The silicone rubber sheets we prepared are made out of 2 fluids that you combine and then they cure over time. The fluids come from a company named Wacker Chemie AG. Their website is located here: http://www.wacker.com
This company only sells these products in amounts of 20 kg's. But since we are doing research for Lulea University of Technology (Sweden), we have a supplier that cuts the 20 kg amounts into smaller pieces.

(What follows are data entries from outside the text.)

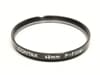 CONTAX(���󥿥å���)���ե��륿����49mm  P-Filter  (0NAC-4114)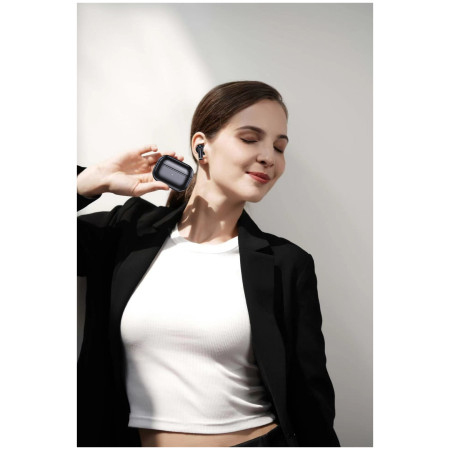 Căști fără fir Swissten Minipods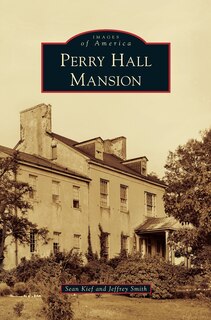 Couverture_Perry Hall Mansion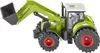SIKU Claas Axion 850 z ładowaczem czołowym model zabawka 1 Podgląd zdjęcia produktu 3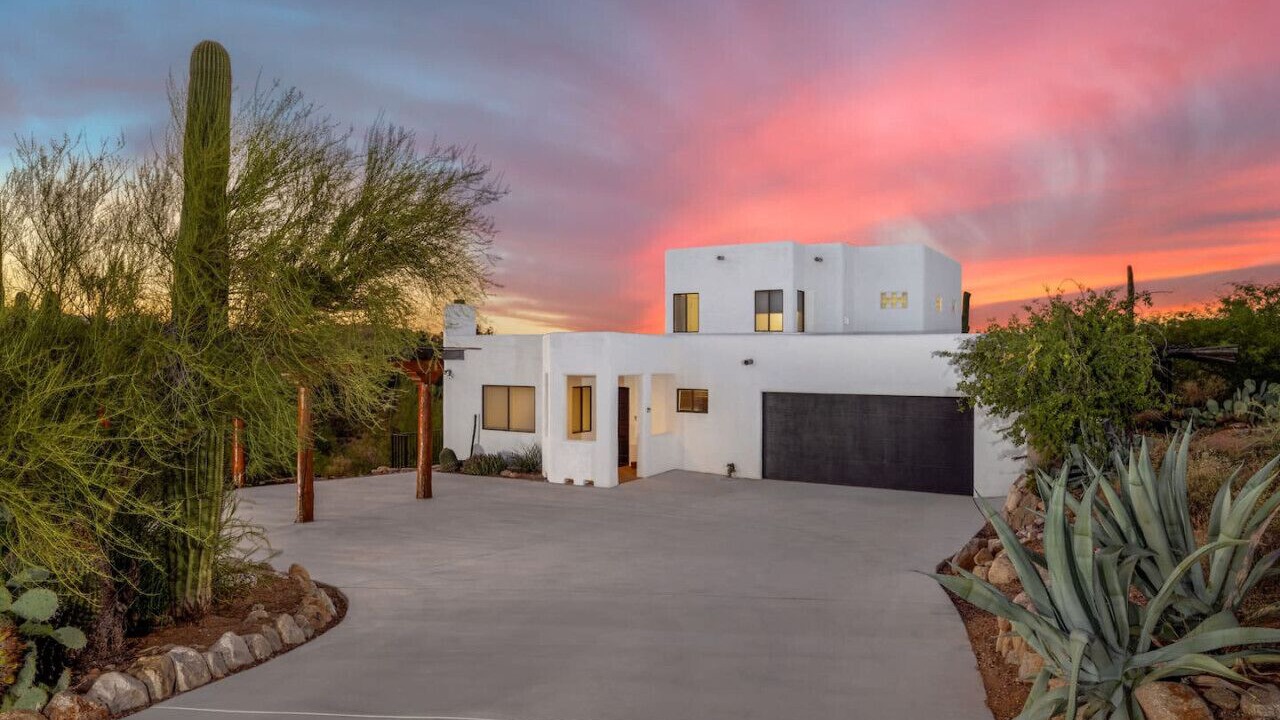 Photo of Outdoor in Catalina Foothills Estates
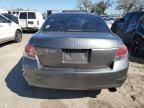 2009 Honda Accord LXP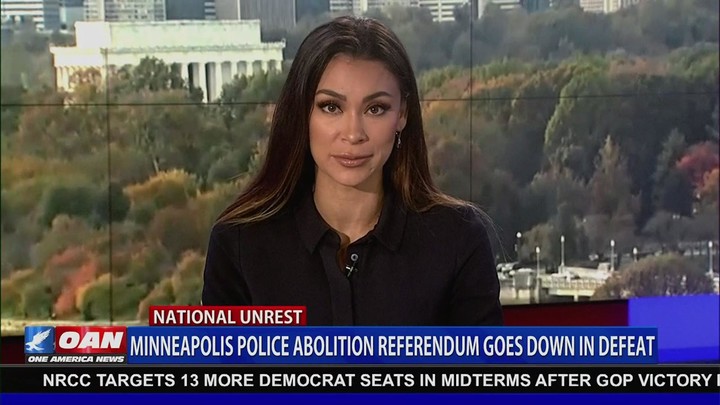 OAN Live screenshot image 13_Popularmodapk.com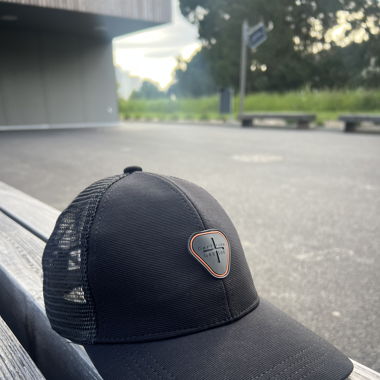 Casquette Gertrude 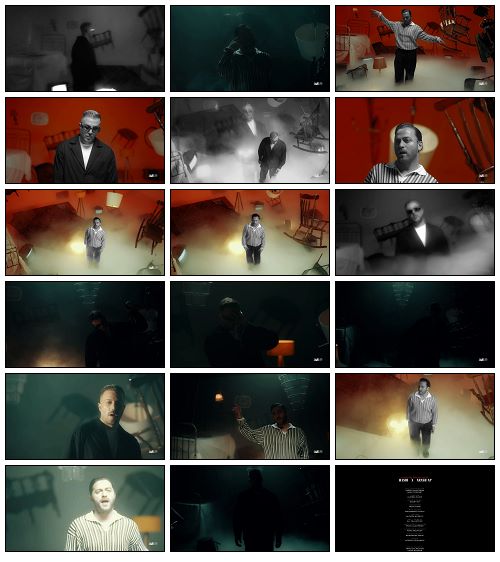 مسیح و آرش ای پی به نام خاطره دارم ازت
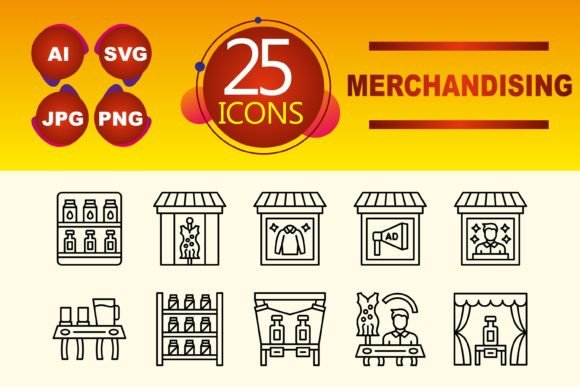 Modern Merchandising Essentials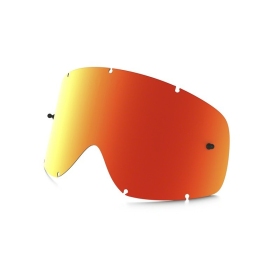 Pakaitinis stikliukas Oakley O-Frame MX FIRE IRIDIUM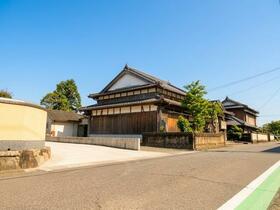 福岡県京都郡みやこ町勝山黒田
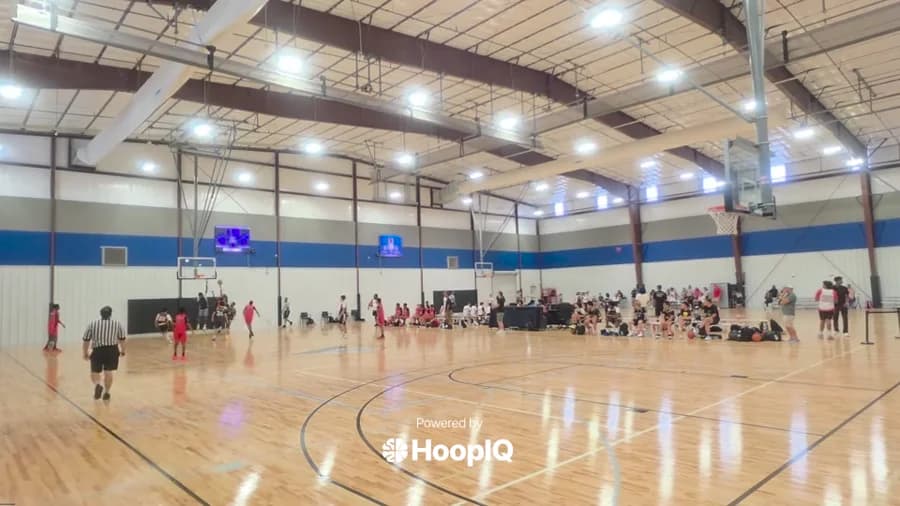 2-pt Shot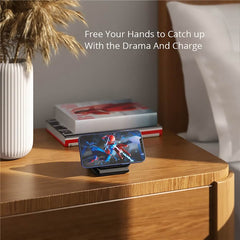 3-in-1 Magnetic Foldable Wireless Charger™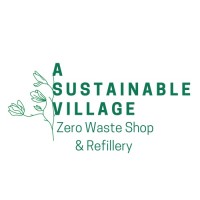 A Sustainable Village NYC Logo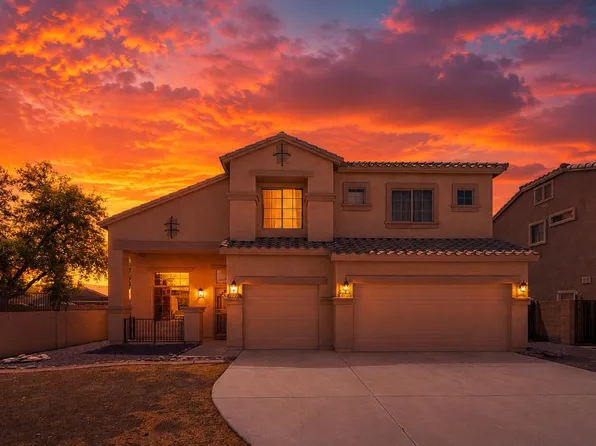 7320 S 15TH Drive, Phoenix, AZ 85041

So we were able to order just one kg.
The company that divided the 20 kg's into smaller amounts , is called ABIC Kemi.
The brand of fluids we used go by the name of ELASTOSIL® M 4641.
ELASTOSIL® M 4641 is a pourable, addition-curing, two-part silicone rubber that cures at room temperature.
- Very good flow properties
- Fast and non-shrink cure at room temperature which can be accelerated considerably by the application of heat
- Medium hardness (Shore A approx. 43)
- Good transparency of the cured rubber
- High tear strength
- Outstanding resistance to casting resins, particularly polyurethanes and epoxies, for long service life of the molds
You can download a PDF with more specifications here. (English version)
Or download a German version, here.
Because I got a few questions on IRC, on how we exactly layered the materials, I'll point it out.
It's like this:
Acrylic with the silicone rubber sheet on top of that. On top of the silicone rubber sheet you place a projection screen. Make sure the projection screen doesn't stick to the silicone rubber sheet, because otherwise the ftir effect will be set off.
So basically it looks like this:
---------- your ugly ass fingers
---------- projection screen
---------- silicone rubber sheet
---------- image source
The projection screen we used is called Astralit. Which is some kind of white plastic material, that's probably sold in many craft stores. You use it for lamp shades. It cost us 66 krones = 7 euro's for 1.2 meters by 0.5 meters.
But remember, in the end you want to go with a projection screen, that blocks infrared light. And this projection screen doesn't block infrared at all, whereas Rosco does.
But we haven't actually tested the Rosco yet, so we don't know if it stucks to the silicone rubber until somewhere over the next two weeks.